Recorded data
*-*-*
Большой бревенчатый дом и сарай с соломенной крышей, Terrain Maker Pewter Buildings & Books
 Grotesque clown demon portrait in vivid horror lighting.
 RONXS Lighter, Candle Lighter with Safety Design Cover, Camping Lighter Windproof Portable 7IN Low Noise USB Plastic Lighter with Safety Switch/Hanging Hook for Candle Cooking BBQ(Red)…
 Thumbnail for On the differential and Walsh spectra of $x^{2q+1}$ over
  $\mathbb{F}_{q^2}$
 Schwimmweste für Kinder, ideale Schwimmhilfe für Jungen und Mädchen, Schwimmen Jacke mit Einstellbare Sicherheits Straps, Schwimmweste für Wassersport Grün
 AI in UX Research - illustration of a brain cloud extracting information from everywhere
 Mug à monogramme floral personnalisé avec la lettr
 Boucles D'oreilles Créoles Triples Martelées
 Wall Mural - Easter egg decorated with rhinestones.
*-*-*
**What you will do**
Print the entries once more, identical in every line.

**Your solution**
Большой бревенчатый дом и сарай с соломенной крышей, Terrain Maker Pewter Buildings & Books
 Grotesque clown demon portrait in vivid horror lighting.
 RONXS Lighter, Candle Lighter with Safety Design Cover, Camping Lighter Windproof Portable 7IN Low Noise USB Plastic Lighter with Safety Switch/Hanging Hook for Candle Cooking BBQ(Red)…
 Thumbnail for On the differential and Walsh spectra of $x^{2q+1}$ over
  $\mathbb{F}_{q^2}$
 Schwimmweste für Kinder, ideale Schwimmhilfe für Jungen und Mädchen, Schwimmen Jacke mit Einstellbare Sicherheits Straps, Schwimmweste für Wassersport Grün
 AI in UX Research - illustration of a brain cloud extracting information from everywhere
 Mug à monogramme floral personnalisé avec la lettr
 Boucles D'oreilles Créoles Triples Martelées
 Wall Mural - Easter egg decorated with rhinestones.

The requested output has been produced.